A few months back MR representatives, John Morrison and Christine Bell got the opportunity to participate in a press conference with Mike Burkett, (Fat Mike), front man of punk band NOFX and founder/owner of indie label, Fat Wreck Chords; and Jay Bentley of the punk band Bad Religion.

For the sake of the reader, we have edited some of the conference. We have done our best to maintain the context of both the questions and answers to fairly represent Mike and Jay and ensure that their statements are not misunderstood or ‘spun’.

Fat Mike of NoFXFor people that don’t know a lot about Warped Tour, and the meaning behind it, can you tell us something?

Mike: From behind the scenes, it sounds clichéd, but it’s punk rock summer camp. It’s the best time a band could possibly have, because your hanging out with 50 other bands everyday. There’s gambling and drinking and uh, barbecuing, yeah we drink beers or vodka. And you can’t have a better time, that’s why these bands keep doing the Warped Tour, that’s why it’s so successful, because the bands have so much fun. The other tours, it’s more about business. And even Kevin Lyman, the owner, he doesn’t make that much money, you know, he makes a living. But kids don’t get charged a lot, the bands don’t get paid a lot, it’s just a good time.

Why do you think Warped Tour succeeds where other tours, like Lollapalooza, fail?

Mike: Well first of all the line-up for Lollapalooza is terrible this year. Those head-lining bands are probably taking 250 thousand to 500 thousand dollars a night, where Warped Tour bands take between $200-$10,000; somewhere between there. Almost every band on the Warped Tour takes a pay cut to play the Warped Tour. But they do it because it’s fun and it’s cool. But the other bands on the other tours, they do it for the money and the promoters do it for the money. That’s why the prices are so high and that’s why it’s failing. I think the kids know that the Warped Tour is fun and the bands are having fun. I wouldn’t be doing this if it wasn’t fun. We’re here for us.
Jay: In our world of music, other tours that were out there folded, they couldn’t sell enough tickets to keep themselves going. This is the music that people who are buying tickets and buying records want to hear. This is, fortunately, a musical expression that speaks to them. I don’t know whether it’s the anger, the fear or just the over all sense of something exciting that gets people going. Speaking for myself, when I was 14, it was the fact that a band could speak to me about something other than girls. That was very important to me. I mean, it’s a 20 or 25 dollar ticket and there’s 50 bands….

Do you think that the reason there are so many more kids and so much more influence is because of mainstream punk bands like Good Charlotte and Blink182 that get radio play and get people into the scene?

Mike: Yeah, all those bands are helping a lot. Yellowcard, Ryan from Yellowcard announced Rock Against Bush: Vol. II, he said he’s going to be signing copies… and you know, suddenly there’s 500 kids at the Punk Voter booth buying this, because he said to.
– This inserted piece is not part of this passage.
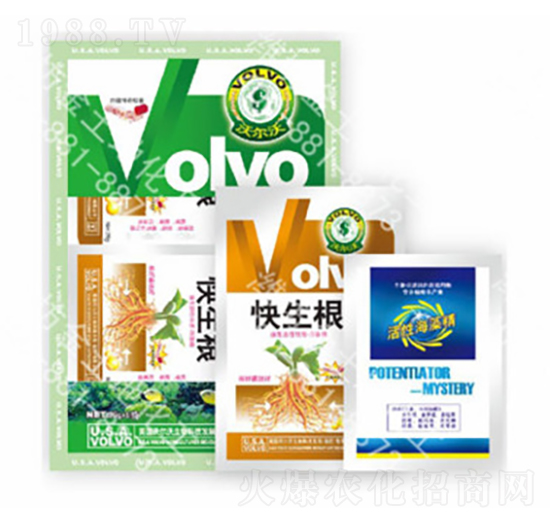 ������-������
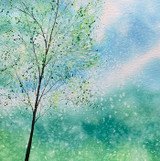 Fresh Air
And, bands like Good Charlotte, Yellowcard and New Found Glory, they’ve all gotten tens of thousands of kids involved that we wouldn’t have gotten. So I’m all for it. They’re standing up, although Good Charlotte totally screwed me (laughs).

What do you think about the Sony BMG merger?

Mike: I have no idea, what’s BMG? I’ve heard of Sony but…

There are five major record labels now, and two of them are merging to become one, there are going to be four major record labels controlling 80% of the market, with only 20% independent.

Mike: They’re all going down, ‘dinosaurs will die’ I think all the major labels will get killed anyway. (editors note: “Dinosaurs Will Die” is a NOFX song about the death of the music industry)

What’s the best way to go, independent for everybody?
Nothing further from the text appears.